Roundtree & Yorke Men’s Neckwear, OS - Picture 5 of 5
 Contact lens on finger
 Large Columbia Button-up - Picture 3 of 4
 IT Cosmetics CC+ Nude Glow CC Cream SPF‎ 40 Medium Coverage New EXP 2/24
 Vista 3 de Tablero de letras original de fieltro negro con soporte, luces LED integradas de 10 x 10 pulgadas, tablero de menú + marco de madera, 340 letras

▶ _What to work on_:
Filter the listing so that only lines holding the word "Picture" remain, and copy those lines.

▶ _Output of the exercise_:
Roundtree & Yorke Men’s Neckwear, OS - Picture 5 of 5
 Large Columbia Button-up - Picture 3 of 4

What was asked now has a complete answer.